A student was attempting to prove that $x = \frac{1}{2}$ is the only real root of
$$x^3 + \frac{1}{4}x - \frac{1}{2} = 0.$$

The attempted solution was as follows.

$$x^3 + \frac{1}{4}x = \frac{1}{2}$$

$$\therefore \quad x(x^2 + \frac{1}{4}) = \frac{1}{2}$$

$$\therefore \quad x = \frac{1}{2}$$

or

$$x^2 + \frac{1}{4} = \frac{1}{2}$$

i.e.

$$x^2 = -\frac{1}{4} \quad \text{no solution}$$

$$\therefore \quad \text{only real root is } x = \frac{1}{2}$$

\begin{enumerate}[label=(\alph*)]
\item Explain clearly the error in the above attempt.
[2]

\item Give a correct proof that $x = \frac{1}{2}$ is the only real root of $x^3 + \frac{1}{4}x - \frac{1}{2} = 0$.
[3]
\end{enumerate}

The equation
$$x^3 + \beta x - \alpha = 0 \quad \text{(I)}$$
where $\alpha$, $\beta$ are real, $\alpha \neq 0$, has a real root at $x = \alpha$.

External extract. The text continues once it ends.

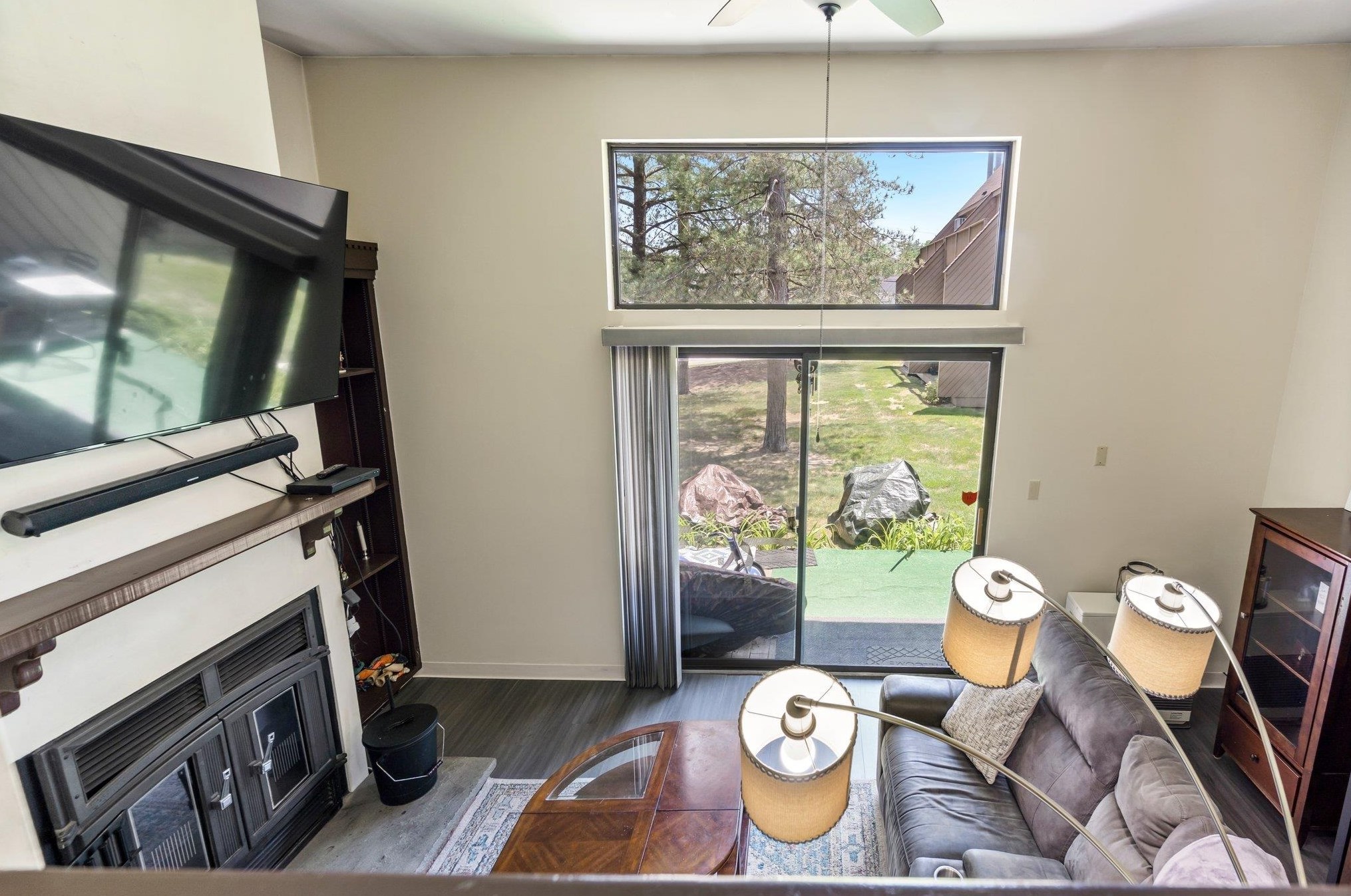 16 Templeton Ct, Merrimack NH 03054-3460 exterior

\begin{enumerate}[label=(\alph*)]
\setcounter{enumi}{2}
\item Find and simplify an expression for $\beta$ in terms of $\alpha$ and prove that $\alpha$ is the only real root provided $|\alpha| < 2$.
[6]
\end{enumerate}

An examiner chooses a positive number $\alpha$ so that $\alpha$ is the only real root of equation (I) but the incorrect method used by the student produces 3 distinct real "roots".

\begin{enumerate}[label=(\alph*)]
\setcounter{enumi}{3}
\item Find the range of possible values for $\alpha$.
[7]
\end{enumerate}

\hfill \mbox{\textit{Edexcel AEA 2002 Q7 [18]}}